Some of the most inconsistent data might still be used for derivative variables: how about one for reported army size based on the logarithmic magnitude of total participants at the battle? A useful statistic based on the total size of fielded armies would be one that does not require the historical data to be exceptionally accurate (because it isn’t).


Join the discussion


  1. O.Voron says:

    Very interesting and ambitious project you are involved with, Edward. Have not military historians at military academies such as West Point already constructed these databases? Apparently the have not. Or they are top secret 🙂

    • Edward A L Turner says:

      databases have been created for the most recent historical conflicts. the only really big database I know about is the University of Michigan COW project which starts in 1816. link to here is another warfare database from Uppsala University that starts in 1946. link to

      we start our database 3000 years earlier. 😀 by coding conflicts at two levels – that of the war and separate battles/sieges that make up a war – our warfare coding will be flexible enough to provide interesting data whether the record of battles and sieges is almost complete or very sparse.

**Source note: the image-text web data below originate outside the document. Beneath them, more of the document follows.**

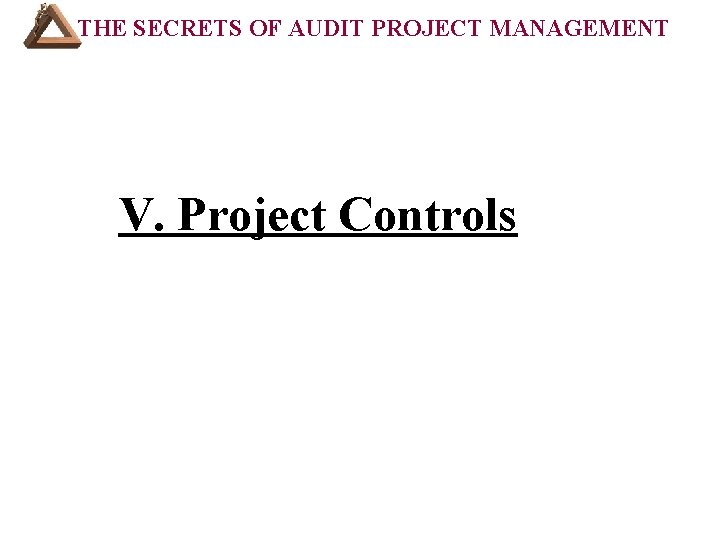 THE SECRETS OF AUDIT PROJECT MANAGEMENT V. Project Controls • VII. Resources Your audit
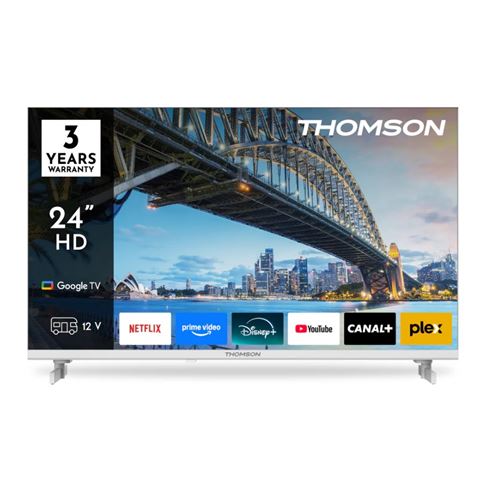 TELEVISOR BLANCO LED HD 24" | WIFI | BLUETOOTH | SMART TV | 12V THOMSON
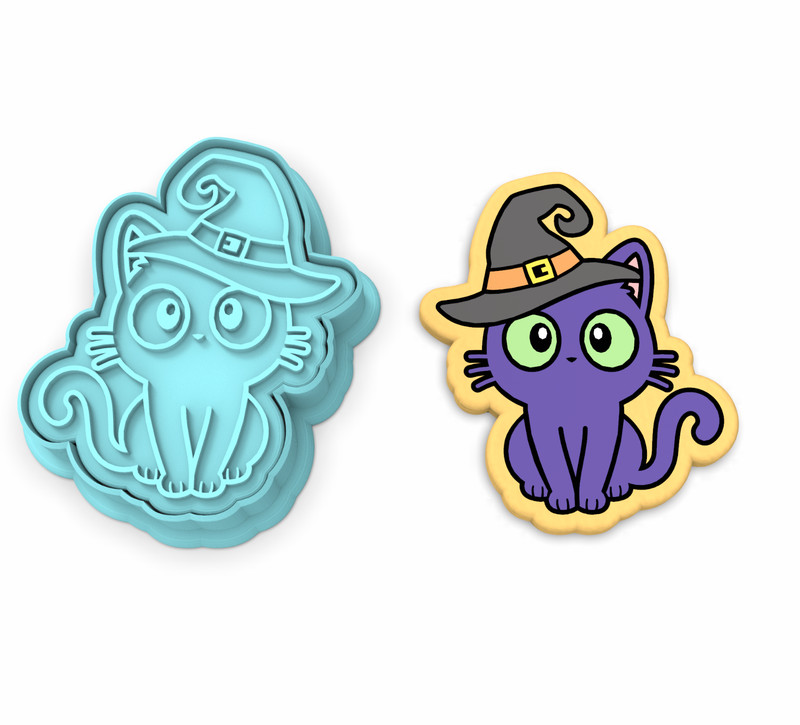 Cat Wearing Hat Cookie Cutter & Stamp | Halloween Kitten Witch Cats Feline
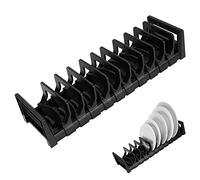 Linkidea Estante Organizador de Platos de aleación de Aluminio, para gabinete, Soporte de Placa Ajustable, estantes de Secado de Platos pequeños, Soporte para encimera de Almacenamiento (15.7'')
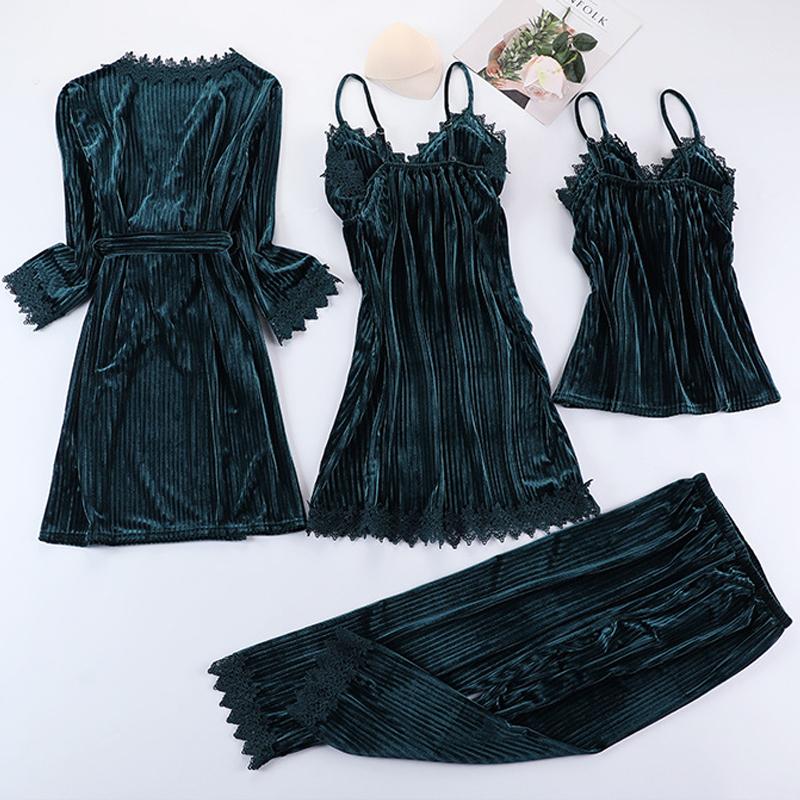 

Осенне-зимний бархатный комплект из 4 предметов пижамы, интимное белье, женский сексуальный халат, комплект невесты, халат, кимоно, ночная рубашка, домашняя одежда, одежда для сна 2XL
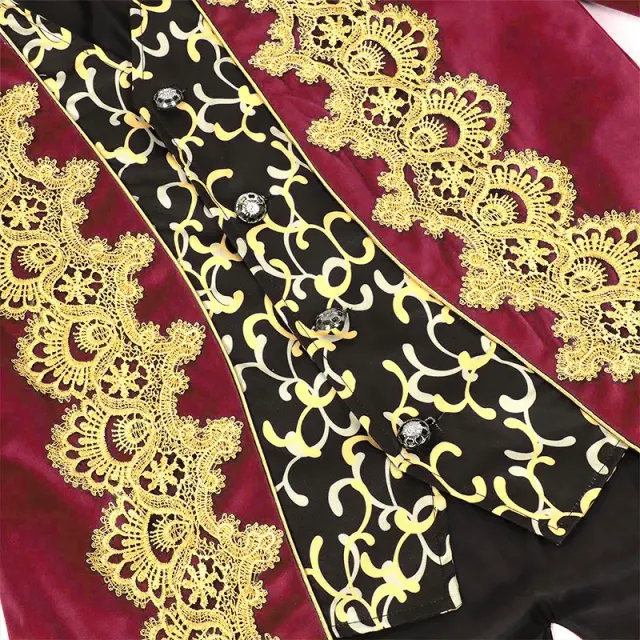 Men's Lace Tailcoat Medieval Punk Cosplay Coat detail 15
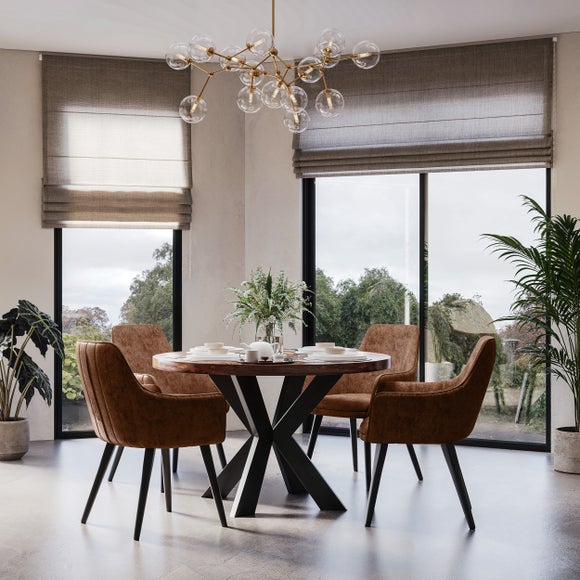 Indus Valley Logan 4 Seater Round Dining Table With 4 Logan Chairs - image 1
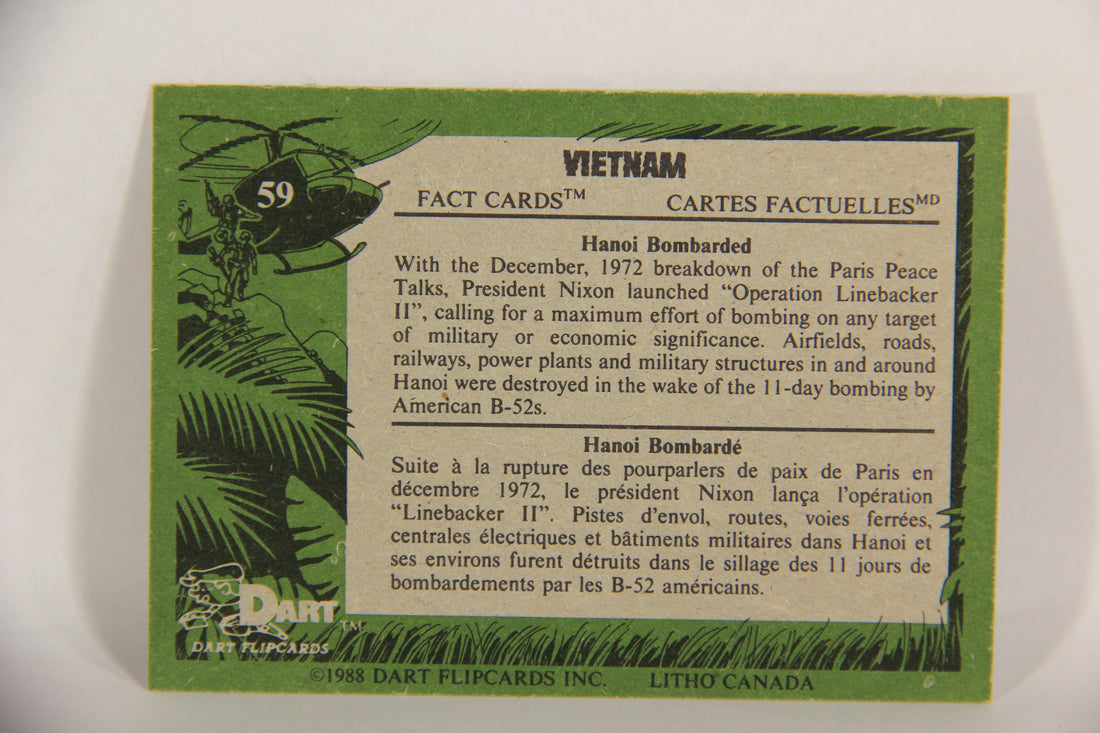 Vietnam Fact Cards 1988 Trading Card #59 Hanoi Bombarded FR-ENG Artwork L017476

      so if the historical record does not provide battles and siege data we are still able to code something about the war: belligerents and alliances, war type, cultural distance, consequences for territories etc.

  2. Peter Turchin says:

    Thank you, Edward, for this post!

    For the readers of this blog: Edward is the Principal Research Assistant for Seshat. He started as a volunteer several years ago (and participated in our article that came out in PNAS last Fall). Now that we have been funded by several new grants, Edward has become a salaried employee of the Seshat project. He is responsible for social complexity and warfare variables. But, as he writes in the post, we are still developing our conceptual approaches to coding warfare. Edward has done some preliminary warfare coding of several polities, but until now this aspect of Seshat has been on a back burner. I expect that we will be going all out on coding warfare starting in the Fall, and abut a year from now we will be able to start analyzing the data – and killing off those hypotheses…

  3. Ross David H says:

    Sounds fascinating (and mammoth). For those of us with an IT background/interests, can you tell us anything about how the data will be stored? I’m not sure, when you use the term “database”, if you mean what an IT guy would mean when he says that (MySQL or MongoDB or Oracle or some such), or if you mean the more general sense of “many files stored together that relate to the same general topic”.

    Or, for those who wish to access it someday, what kind of API’s will be available? Will they be made available to those who are not professionals in the field?

    Thanks for sharing your progress, it sounds exciting! The Human Genome Project of historians!